Diğer orkideler sadece onlara uygun olduğunda çalarlar. Bu “mixotroflar” fotosentez gerçekleştirebilir, ancak aynı zamanda onları bağlayan mantar ağını kullanarak diğer bitkilerden karbonu “çalarlar”.
Bu çok kötü gelmeyebilir. Bununla birlikte, bitkinin yaptığı küçük bir hırsızlıktan çok daha uğursuz durumlar olabilir.
Bitkiler, su ve ışık gibi kaynaklar için komşularıyla rekabet etmelidir. Bu savaşın bir parçası olarak, rakiplerine zarar veren bazı salım kimyasalları.
Bu “allelopati”, akasya, şekerli meyveler, Amerikan çınarları ve çeşitli Okaliptüs türleri de dahil olmak üzere ağaçlarda oldukça yaygındır. Ya yakınlarda kurulu diğer bitkilerin şansını azaltan veya mikropların köklerinin etrafına yayılmasını azaltan maddeleri serbest bırakırlar.
Ancak kuşkucu bilim insanları, bu işten şüphe duyuyorlar. Zararlı kimyasalların çok uzaklara gitmeden önce toprak tarafından emileceğini veya mikropların parçalayacağını söylüyorlar.
Kaynak: Wikimedia Commons
Fakat belki de bitkiler daha büyük mesafeleri kaplayan yeraltı mantar ağlarından faydalanarak bu problemi çözebilir.
Allelopatinin (Bitkiler arasındaki kimyasal etkileşim) en çok çalışılan örneklerinden biri Amerikan siyah ceviz ağacıdır. Patates ve salatalık gibi zımbalar da dahil olmak üzere birçok bitkinin büyümesini, yapraklarından ve köklerinden jugalone adlı bir kimyasal bırakarak engeller.
Hayvanlar da fungal internetten yararlanabilir. Bazı bitkiler, dost bakterileri ve mantarları köklerine çekmek için bileşikler üretirler, ancak bu sinyaller, yemek için lezzetli kökler arayan böcekler ve solucanlar tarafından toplanabilir.
Bu artan kanıtın bir sonucu olarak, birçok biyolog, bitkilere ve diğer organizmalara mantarların sağladığı iletişim hizmetlerini tanımlamak için “ağaç ağı” terimini kullanmaya başladılar.
Morris, “Bu fungal ağlar, farklı türler de dahil olmak üzere bitkiler arasında iletişimi daha hızlı ve daha etkili hale getiriyor” diyor. “Bunu düşünmüyoruz, çünkü genellikle yalnızca toprağın üzerinde ne olduğunu görebiliriz.

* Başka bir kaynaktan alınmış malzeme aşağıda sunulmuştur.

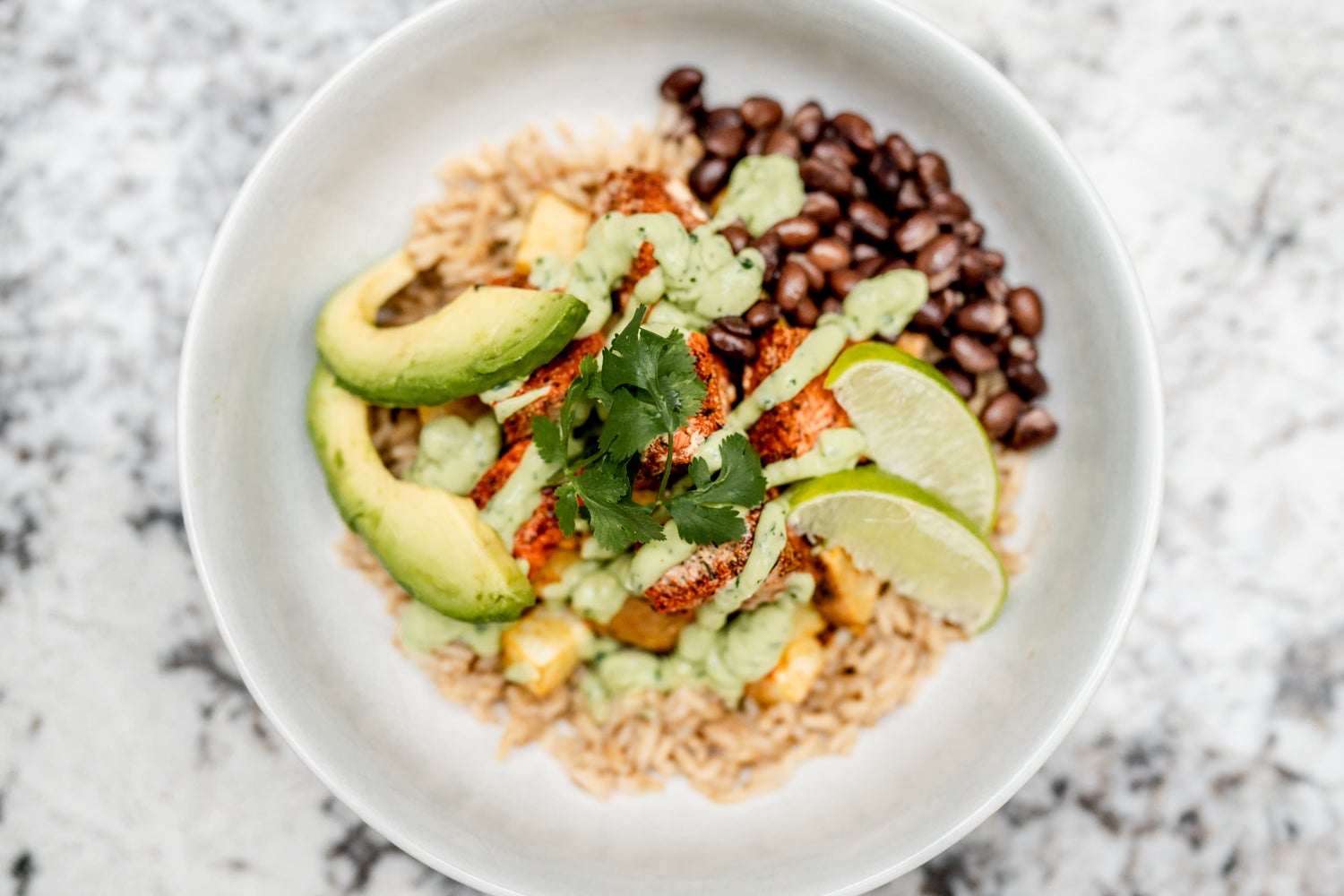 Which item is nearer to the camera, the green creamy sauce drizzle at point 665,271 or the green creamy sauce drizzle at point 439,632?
the green creamy sauce drizzle at point 665,271

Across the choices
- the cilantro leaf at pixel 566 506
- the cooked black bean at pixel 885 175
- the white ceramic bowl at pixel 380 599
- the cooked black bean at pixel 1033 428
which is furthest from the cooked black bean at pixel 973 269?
the cilantro leaf at pixel 566 506

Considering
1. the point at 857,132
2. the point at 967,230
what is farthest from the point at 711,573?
the point at 857,132

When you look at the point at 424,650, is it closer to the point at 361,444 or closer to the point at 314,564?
the point at 314,564

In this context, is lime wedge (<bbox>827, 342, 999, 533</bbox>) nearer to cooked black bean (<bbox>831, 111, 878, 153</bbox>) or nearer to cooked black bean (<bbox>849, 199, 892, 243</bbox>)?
cooked black bean (<bbox>849, 199, 892, 243</bbox>)

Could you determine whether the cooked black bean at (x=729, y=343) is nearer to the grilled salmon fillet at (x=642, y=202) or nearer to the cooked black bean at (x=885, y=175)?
the grilled salmon fillet at (x=642, y=202)

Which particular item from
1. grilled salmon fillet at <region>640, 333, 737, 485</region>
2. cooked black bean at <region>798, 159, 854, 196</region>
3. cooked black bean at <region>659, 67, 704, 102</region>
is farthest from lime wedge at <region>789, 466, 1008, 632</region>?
cooked black bean at <region>659, 67, 704, 102</region>

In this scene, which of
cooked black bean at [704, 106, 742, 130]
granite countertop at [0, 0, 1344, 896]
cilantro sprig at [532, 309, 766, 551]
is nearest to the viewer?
cilantro sprig at [532, 309, 766, 551]

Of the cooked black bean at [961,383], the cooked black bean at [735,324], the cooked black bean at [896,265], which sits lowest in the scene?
the cooked black bean at [961,383] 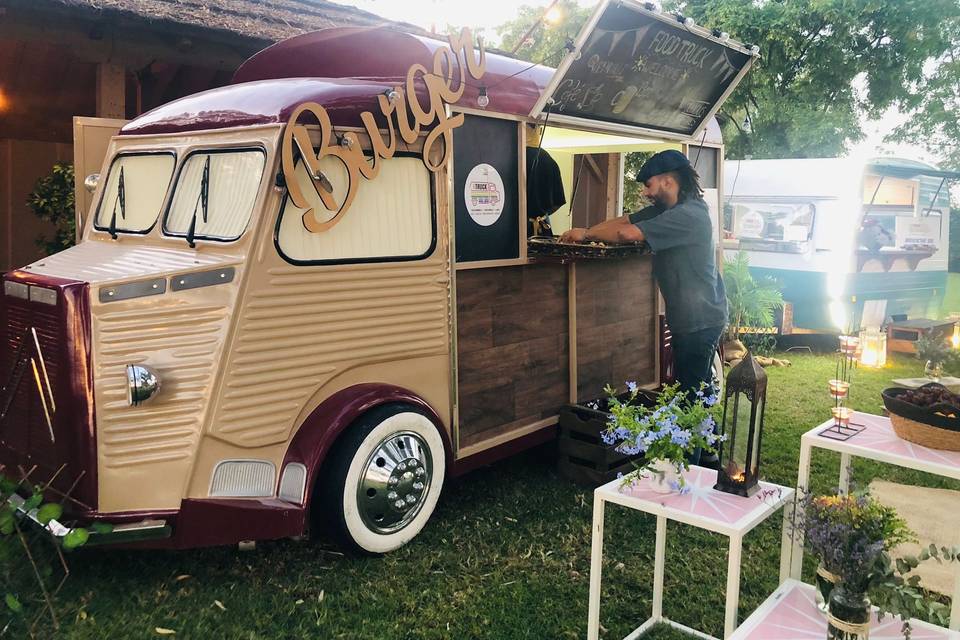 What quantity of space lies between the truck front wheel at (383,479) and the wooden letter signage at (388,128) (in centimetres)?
99

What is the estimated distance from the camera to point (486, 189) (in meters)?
4.30

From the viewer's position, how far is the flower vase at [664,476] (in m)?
2.94

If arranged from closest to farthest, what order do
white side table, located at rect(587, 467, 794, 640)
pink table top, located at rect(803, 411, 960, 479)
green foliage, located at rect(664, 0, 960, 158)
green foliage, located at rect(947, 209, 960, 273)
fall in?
white side table, located at rect(587, 467, 794, 640), pink table top, located at rect(803, 411, 960, 479), green foliage, located at rect(664, 0, 960, 158), green foliage, located at rect(947, 209, 960, 273)

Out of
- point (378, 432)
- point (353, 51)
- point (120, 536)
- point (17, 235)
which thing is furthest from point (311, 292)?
point (17, 235)

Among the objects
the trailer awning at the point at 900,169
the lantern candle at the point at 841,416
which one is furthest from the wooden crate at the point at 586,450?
the trailer awning at the point at 900,169

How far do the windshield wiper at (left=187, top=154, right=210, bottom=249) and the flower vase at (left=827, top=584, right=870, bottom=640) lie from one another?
290cm

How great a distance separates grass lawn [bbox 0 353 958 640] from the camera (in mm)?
3232

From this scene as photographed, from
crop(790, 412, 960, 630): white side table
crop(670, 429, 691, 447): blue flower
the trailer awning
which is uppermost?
the trailer awning

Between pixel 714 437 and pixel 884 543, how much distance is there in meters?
0.76

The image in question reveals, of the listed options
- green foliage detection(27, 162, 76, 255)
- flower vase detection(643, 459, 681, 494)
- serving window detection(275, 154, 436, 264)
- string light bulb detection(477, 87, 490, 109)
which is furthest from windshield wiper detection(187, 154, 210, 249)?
green foliage detection(27, 162, 76, 255)

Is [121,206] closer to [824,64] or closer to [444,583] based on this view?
[444,583]

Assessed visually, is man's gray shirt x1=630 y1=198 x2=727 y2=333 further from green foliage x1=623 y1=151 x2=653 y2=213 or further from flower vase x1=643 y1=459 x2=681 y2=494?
A: green foliage x1=623 y1=151 x2=653 y2=213

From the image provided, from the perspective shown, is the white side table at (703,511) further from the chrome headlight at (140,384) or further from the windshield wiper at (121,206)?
the windshield wiper at (121,206)

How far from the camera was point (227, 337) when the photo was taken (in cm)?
330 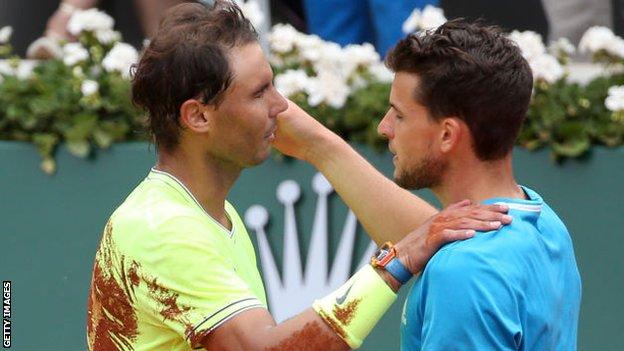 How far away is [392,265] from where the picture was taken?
2.59 m

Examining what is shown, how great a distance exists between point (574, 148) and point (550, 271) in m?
2.10

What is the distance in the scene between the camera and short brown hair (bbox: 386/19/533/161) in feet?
8.37

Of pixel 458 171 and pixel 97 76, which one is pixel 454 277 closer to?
pixel 458 171

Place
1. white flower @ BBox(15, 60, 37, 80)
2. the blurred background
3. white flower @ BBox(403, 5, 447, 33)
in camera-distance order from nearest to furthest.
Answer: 1. white flower @ BBox(403, 5, 447, 33)
2. white flower @ BBox(15, 60, 37, 80)
3. the blurred background

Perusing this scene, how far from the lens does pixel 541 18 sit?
5.73 meters

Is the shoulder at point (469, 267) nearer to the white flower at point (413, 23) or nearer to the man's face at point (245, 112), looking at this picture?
the man's face at point (245, 112)

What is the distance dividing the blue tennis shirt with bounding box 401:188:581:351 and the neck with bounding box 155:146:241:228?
1.66ft

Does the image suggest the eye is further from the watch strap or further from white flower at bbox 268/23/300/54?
white flower at bbox 268/23/300/54

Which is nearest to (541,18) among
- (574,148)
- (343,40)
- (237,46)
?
(343,40)

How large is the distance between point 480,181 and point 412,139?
0.50 ft

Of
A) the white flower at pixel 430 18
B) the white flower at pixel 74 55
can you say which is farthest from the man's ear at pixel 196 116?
the white flower at pixel 74 55

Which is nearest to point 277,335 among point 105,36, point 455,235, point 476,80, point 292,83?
point 455,235

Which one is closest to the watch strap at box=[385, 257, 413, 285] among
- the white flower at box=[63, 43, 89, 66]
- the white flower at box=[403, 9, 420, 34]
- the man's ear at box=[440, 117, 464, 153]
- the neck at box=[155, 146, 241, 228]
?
the man's ear at box=[440, 117, 464, 153]

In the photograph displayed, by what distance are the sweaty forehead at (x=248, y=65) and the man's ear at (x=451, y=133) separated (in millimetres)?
442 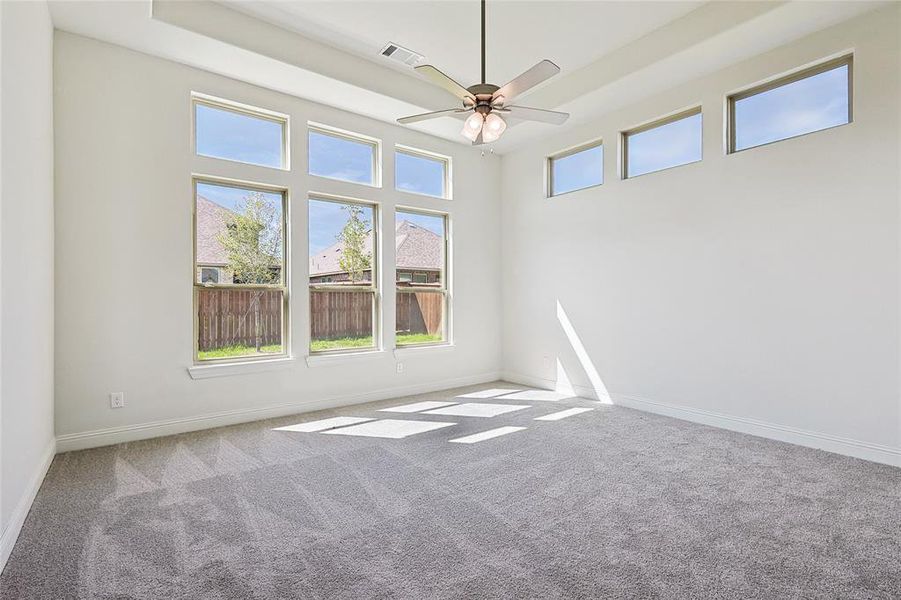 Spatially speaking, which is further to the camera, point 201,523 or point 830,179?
point 830,179

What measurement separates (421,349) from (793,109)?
4.36 m

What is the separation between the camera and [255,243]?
14.5 ft

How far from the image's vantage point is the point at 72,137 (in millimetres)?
3453

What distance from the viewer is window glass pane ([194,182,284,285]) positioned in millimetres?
4148

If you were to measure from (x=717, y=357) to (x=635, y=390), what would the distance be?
941 millimetres

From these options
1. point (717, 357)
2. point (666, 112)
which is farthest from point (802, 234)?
point (666, 112)

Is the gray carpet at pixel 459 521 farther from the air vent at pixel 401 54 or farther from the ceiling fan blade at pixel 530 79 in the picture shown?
the air vent at pixel 401 54

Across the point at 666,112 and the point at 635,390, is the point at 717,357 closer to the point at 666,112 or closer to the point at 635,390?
the point at 635,390

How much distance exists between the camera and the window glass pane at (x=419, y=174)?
5.48 metres

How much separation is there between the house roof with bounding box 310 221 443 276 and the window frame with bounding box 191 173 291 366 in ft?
1.39

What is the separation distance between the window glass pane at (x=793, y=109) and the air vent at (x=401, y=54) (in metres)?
3.00

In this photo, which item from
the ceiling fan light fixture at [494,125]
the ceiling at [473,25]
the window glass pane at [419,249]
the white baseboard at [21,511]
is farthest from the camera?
the window glass pane at [419,249]

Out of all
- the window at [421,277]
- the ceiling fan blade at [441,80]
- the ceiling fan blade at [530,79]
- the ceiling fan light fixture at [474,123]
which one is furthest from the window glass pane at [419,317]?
the ceiling fan blade at [530,79]

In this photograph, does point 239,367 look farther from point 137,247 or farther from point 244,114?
point 244,114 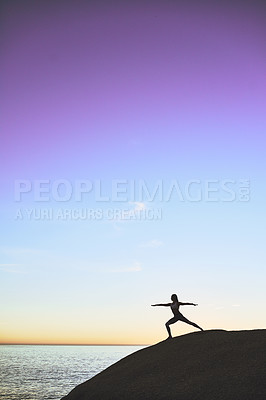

Fakat görebileceğiniz bitkilerin çoğu, doğrudan köklerinden değil, miyelsel bağlantılarından dolayı, toprağın altında toplanır.”
Fungal internet, ekolojinin en büyük derslerinden birini örneklemektedir: görünüşte ayrı organizmalar genellikle birbirine bağlıdır ve birbirlerine bağlı olabilirler.